PROBLEM DESCRIPTION:
In the copy you make, include no pictures, and transcribe every record exactly.

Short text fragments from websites
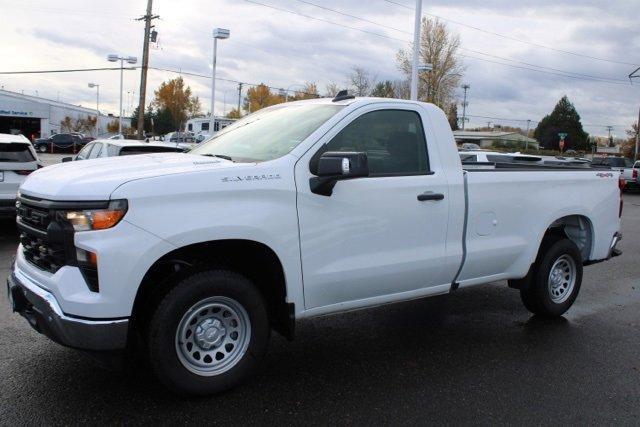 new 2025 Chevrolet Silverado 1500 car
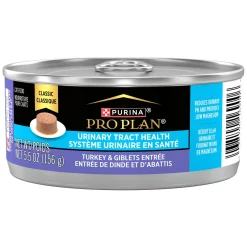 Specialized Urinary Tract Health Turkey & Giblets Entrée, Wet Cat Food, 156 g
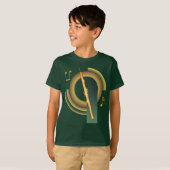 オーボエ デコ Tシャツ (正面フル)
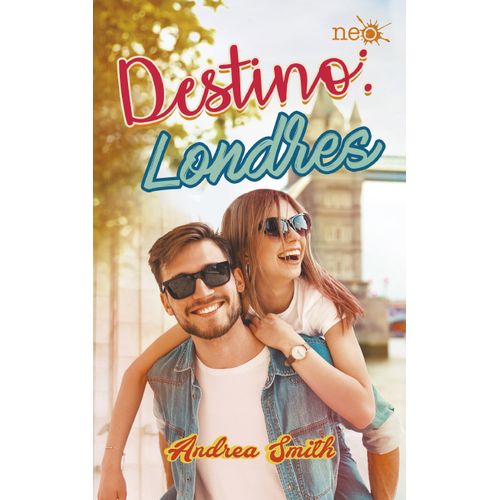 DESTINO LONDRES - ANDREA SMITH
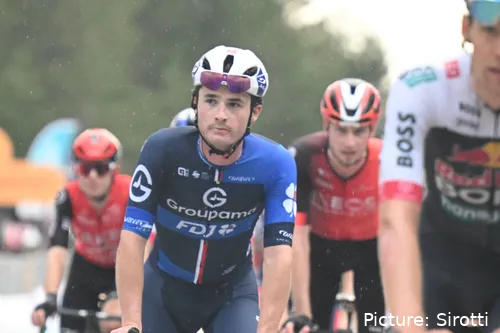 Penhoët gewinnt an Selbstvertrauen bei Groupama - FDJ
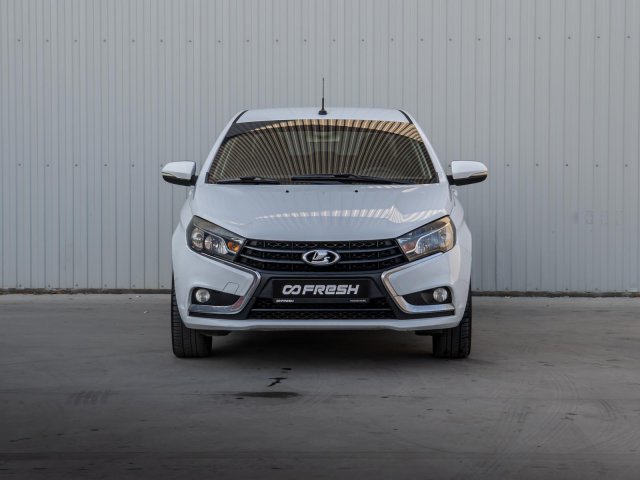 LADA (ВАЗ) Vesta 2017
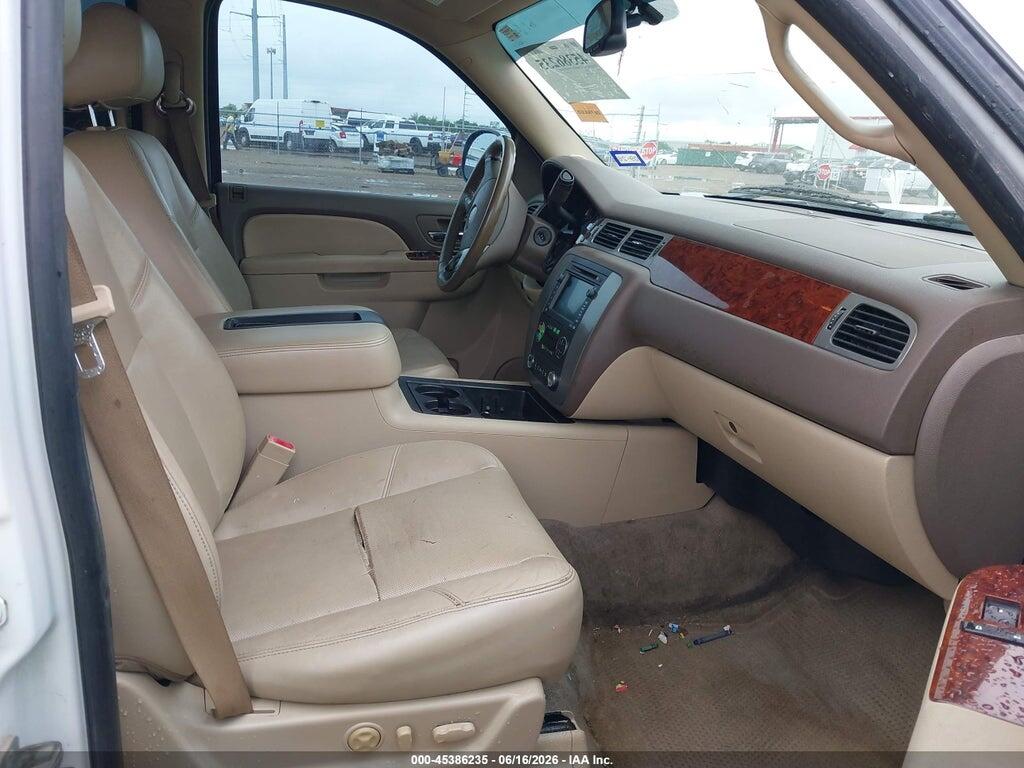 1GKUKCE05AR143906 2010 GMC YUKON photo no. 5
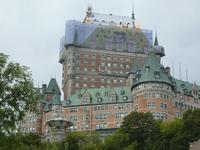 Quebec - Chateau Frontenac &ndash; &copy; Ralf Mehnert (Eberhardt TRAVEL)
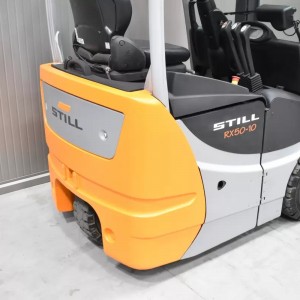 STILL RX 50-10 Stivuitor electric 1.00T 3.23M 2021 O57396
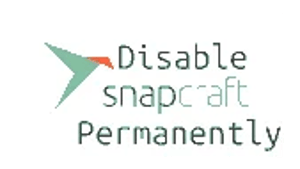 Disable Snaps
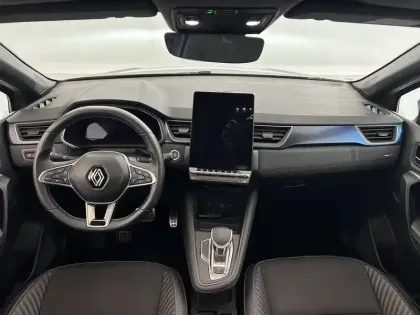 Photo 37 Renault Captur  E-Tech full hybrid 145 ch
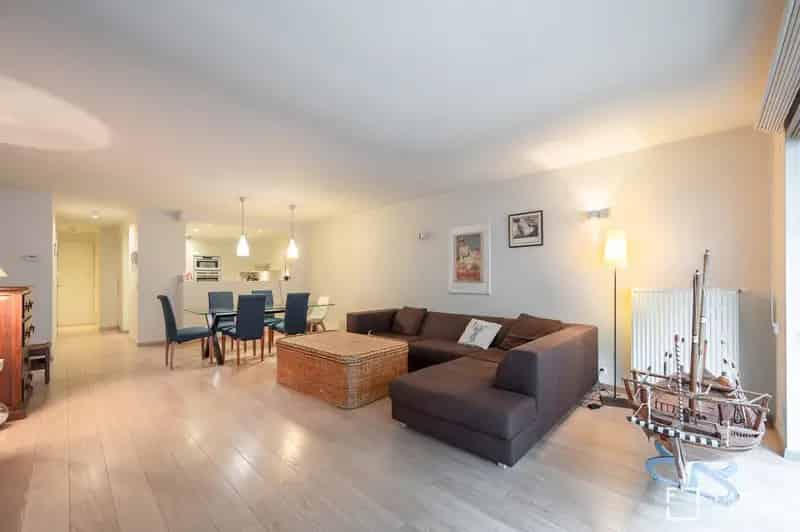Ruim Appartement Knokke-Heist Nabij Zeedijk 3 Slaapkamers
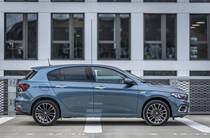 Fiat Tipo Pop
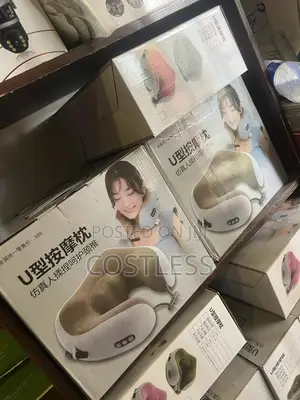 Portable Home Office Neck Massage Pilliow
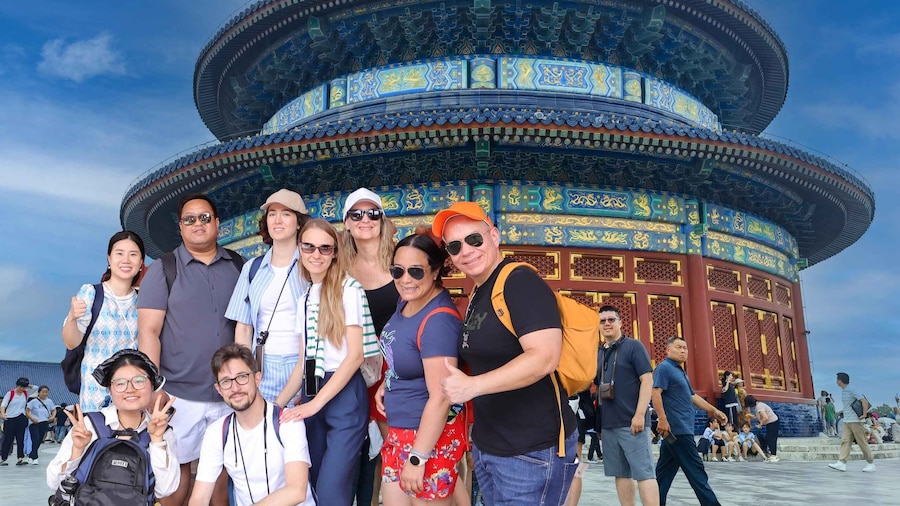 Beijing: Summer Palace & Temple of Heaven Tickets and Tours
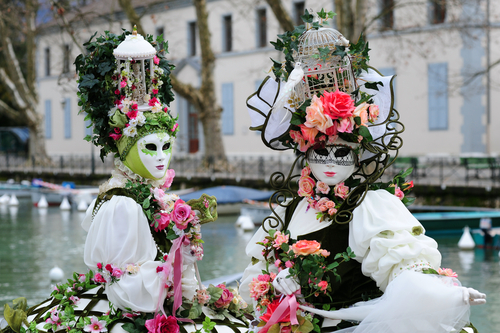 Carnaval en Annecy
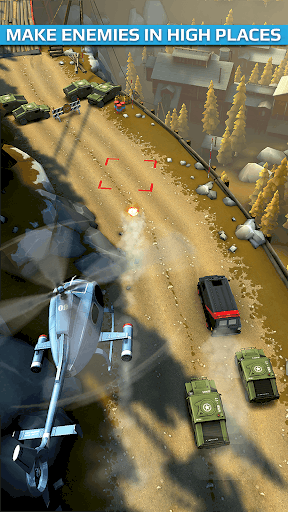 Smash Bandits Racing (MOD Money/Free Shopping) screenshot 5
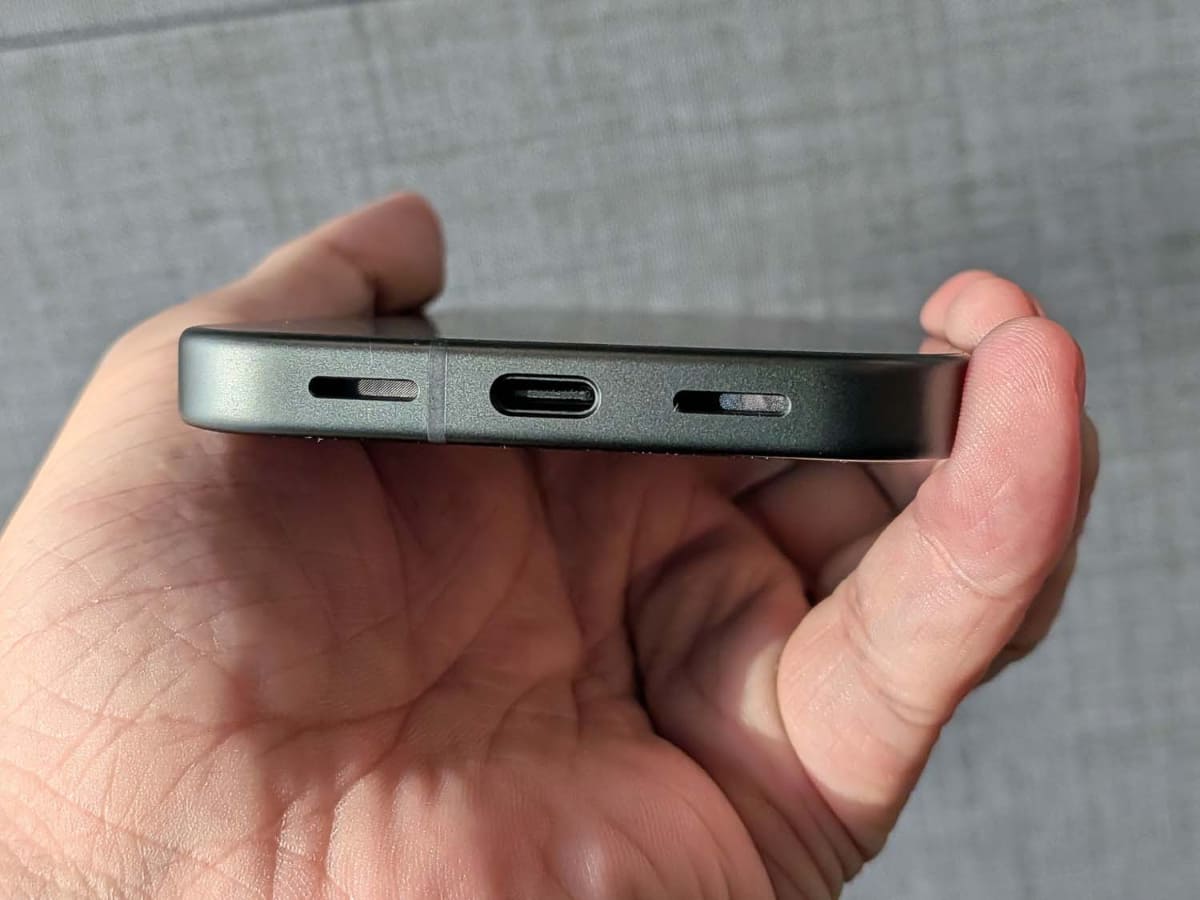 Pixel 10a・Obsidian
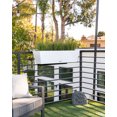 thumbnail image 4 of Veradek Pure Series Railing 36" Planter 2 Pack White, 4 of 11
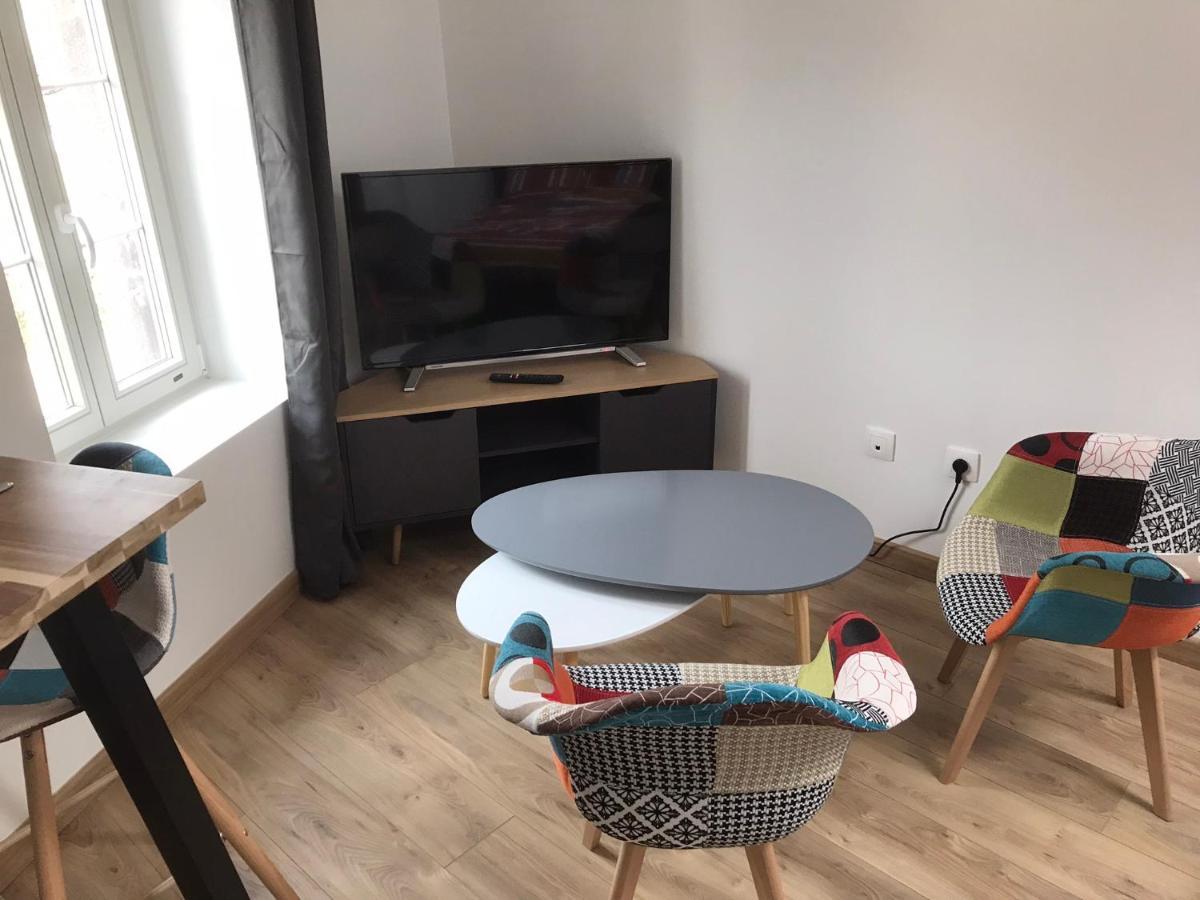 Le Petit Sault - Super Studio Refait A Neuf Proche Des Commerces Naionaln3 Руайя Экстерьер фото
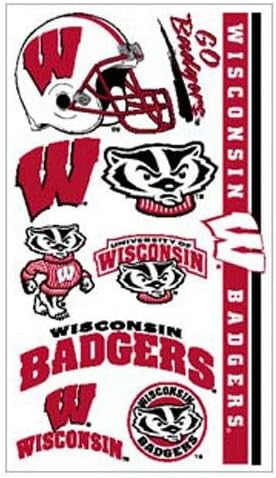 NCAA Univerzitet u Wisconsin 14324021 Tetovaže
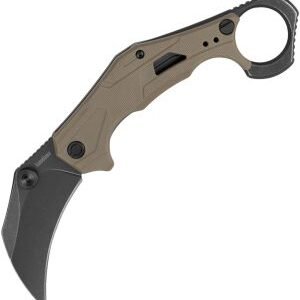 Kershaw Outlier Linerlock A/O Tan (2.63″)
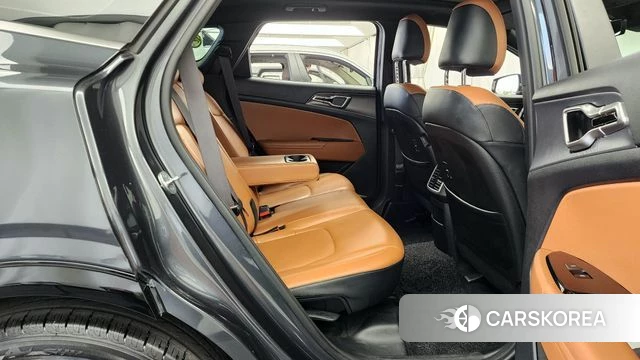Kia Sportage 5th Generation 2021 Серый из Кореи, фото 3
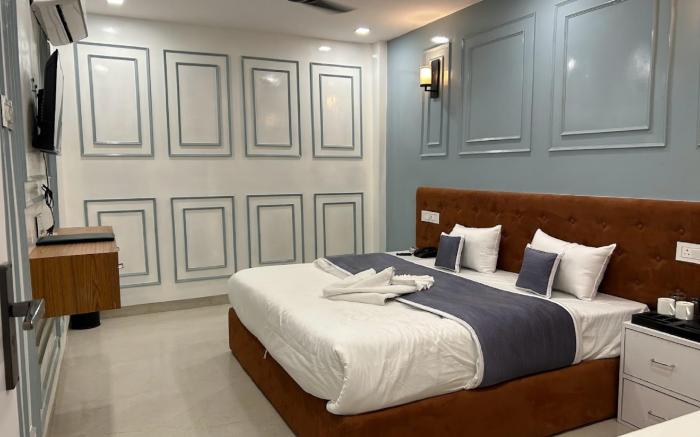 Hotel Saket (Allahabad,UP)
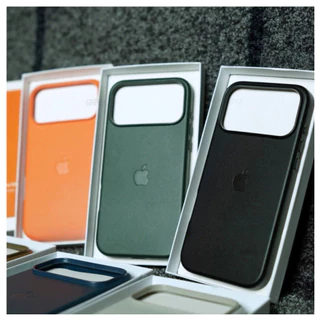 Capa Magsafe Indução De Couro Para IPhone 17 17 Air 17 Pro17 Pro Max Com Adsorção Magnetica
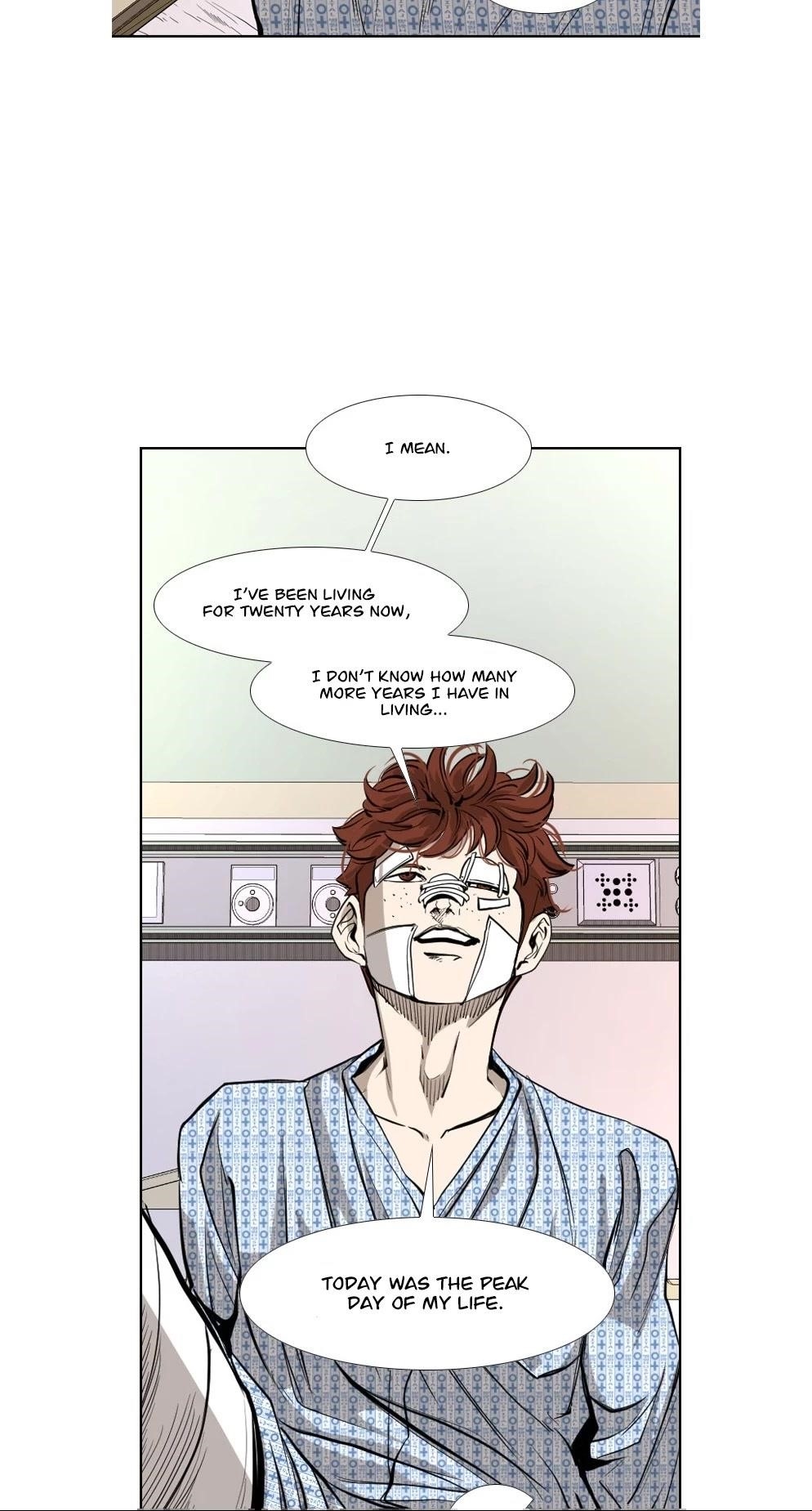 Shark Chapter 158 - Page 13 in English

OUTPUT OF THE EXERCISE:
 new 2025 Chevrolet Silverado 1500 car
 Specialized Urinary Tract Health Turkey & Giblets Entrée, Wet Cat Food, 156 g
 オーボエ デコ Tシャツ (正面フル)
 DESTINO LONDRES - ANDREA SMITH
 Penhoët gewinnt an Selbstvertrauen bei Groupama - FDJ
 LADA (ВАЗ) Vesta 2017
 1GKUKCE05AR143906 2010 GMC YUKON photo no. 5
 Quebec - Chateau Frontenac &ndash; &copy; Ralf Mehnert (Eberhardt TRAVEL)
 STILL RX 50-10 Stivuitor electric 1.00T 3.23M 2021 O57396
 Disable Snaps
 Photo 37 Renault Captur  E-Tech full hybrid 145 ch
Ruim Appartement Knokke-Heist Nabij Zeedijk 3 Slaapkamers
 Fiat Tipo Pop
 Portable Home Office Neck Massage Pilliow
 Beijing: Summer Palace & Temple of Heaven Tickets and Tours
 Carnaval en Annecy
 Smash Bandits Racing (MOD Money/Free Shopping) screenshot 5
 Pixel 10a・Obsidian
 thumbnail image 4 of Veradek Pure Series Railing 36" Planter 2 Pack White, 4 of 11
 Le Petit Sault - Super Studio Refait A Neuf Proche Des Commerces Naionaln3 Руайя Экстерьер фото
 NCAA Univerzitet u Wisconsin 14324021 Tetovaže
 Kershaw Outlier Linerlock A/O Tan (2.63″)
Kia Sportage 5th Generation 2021 Серый из Кореи, фото 3
 Hotel Saket (Allahabad,UP)
 Capa Magsafe Indução De Couro Para IPhone 17 17 Air 17 Pro17 Pro Max Com Adsorção Magnetica
 Shark Chapter 158 - Page 13 in English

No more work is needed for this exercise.